The candidate with the most votes won that district's seat for the 16th Congress of the Philippines.

Summary

Albay

1st District
Incumbent Edcel Lagman (independent) is term limited; his son former Quezon City councilor Edcel Lagman, Jr. is running under  Liberal Party.

2nd District
Al Francis Bichara is the incumbent.

3rd District
Fernando Gonzalez is the incumbent.

Camarines Norte

1st District
Incumbent Renato Unico, Jr. is running for governor. Catherine Reyes is his party's nominee.

2nd District
Elmer Panotes is the incumbent.

Camarines Sur

1st District
Rolando Andaya is the incumbent.

2nd District
Dato Arroyo is the incumbent and he will face outgoing Governor Luis Raymond Villafuerte.

3rd District
Incumbent Luis Villafuerte is term limited; he will run for the governorship. His wife, Monetary Board member Nelly is his party's nominee. Late Secretary of the Interior and Local Government Jesse Robredo's widow Leni is her primary opponent.

4th District
Incumbent Arnulfo Fuentebella is term limited; his son former congressman Felix William is his party's nominee. His opponent is actor Aga Muhlach, of the Liberal Party.

In November 2012, Muhlach's candidacy was in jeopardy when a Camarines Sur Municipal Trial Court (MTC) ordered his name to be stricken off the voters' list as it ruled that he had not complied with residency requirements. Muhlach appealed the decision. A month later, the Camarines Sur Regional Trial Court (RTC) in San Jose upheld the MTC decision, allowing the removal of Muhlach from the voters' list. However, the Philippine Court of Appeals issued a restraining order in January 2013 preventing the RTC from executing its decision, thereby allowing Muhlach to run.
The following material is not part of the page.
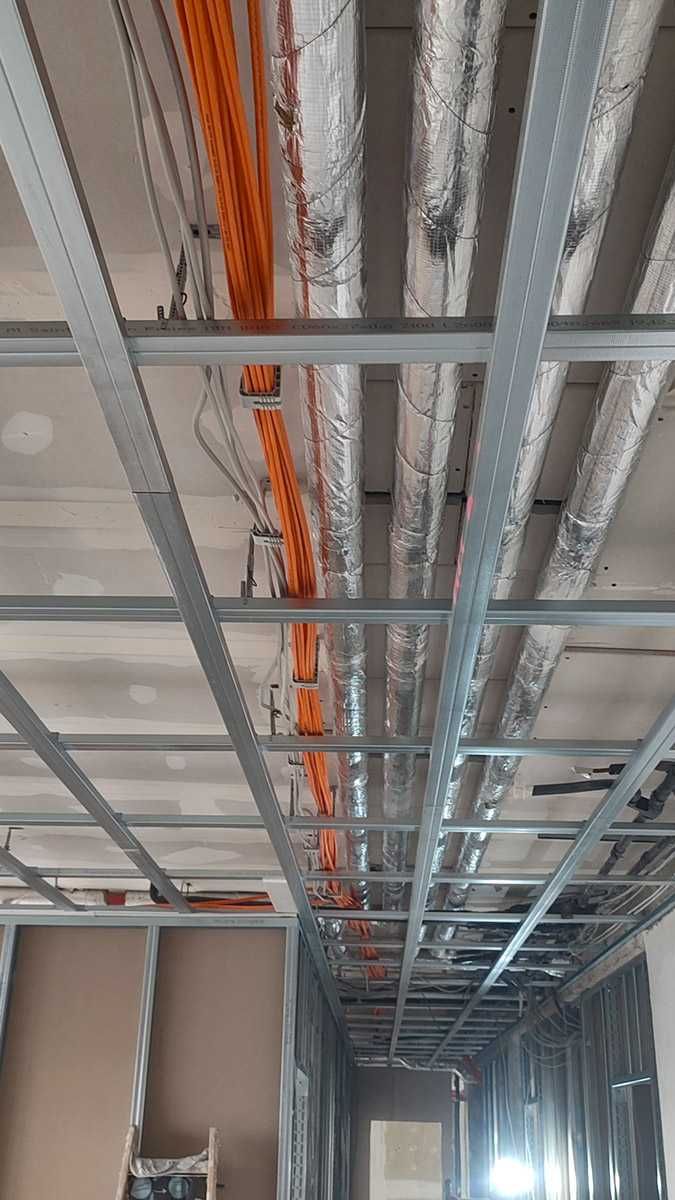 ELEKTRYK - instalacje elektryczne, modernizacje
A week later, the Commission on Elections ruled that Muhlach is a natural-born Filipino citizen and is thus eligible to run. The commission maintained that Muhlach, who had Spanish-born father who was a naturalized Filipino at the time of his birth and a natural-born Filipino mother, didn't renounce his Philippine citizenship when the Spanish government issued him a Spanish passport, and that while Muhlach may be a dual citizen, local laws have no control on laws from other countries, including their citizenship laws. The Court of Appeals ruled on February 13 that the Muhlachs be reinstated in the voters' list, annulling the decision of the MTC and RTC, saying that the couple "have more than sufficiently complied with the residency requirement in law." Less than a month later, the Commission on Elections' Second Division dismissed a petition to dismiss Muhlach's certificate of candidacy due to his lack of residency, removing all obstacles for his candidacy.

5th District
Salvio Fortuno is the incumbent. He will be going against former congressman Felix Alfelor, Jr. and actor Rez Cortez

Catanduanes
Cesar Sarmiento is the incumbent.

Masbate

1st District
Incumbent Narciso Bravo, Jr. is term limited; his wife Maria Vida is his party's nominee.

2nd District
Incumbent Antonio Kho is running for the governorship; his wife former governor Elisa Olga Kho is his party's nominee.

3rd District
Scott Davies Lanete is the incumbent.

Sorsogon

1st District
Incumbent Salvador Escudero III died while in office. His widow Evelina is his party's nominee.

2nd District
Deogracias Ramos, Jr. is the incumbent. Independent candidate Jose Solis, congressman until 2010 when he was term limited, died on April 23, 2013. It is unknown if he, as an independent, will have a replacement candidate.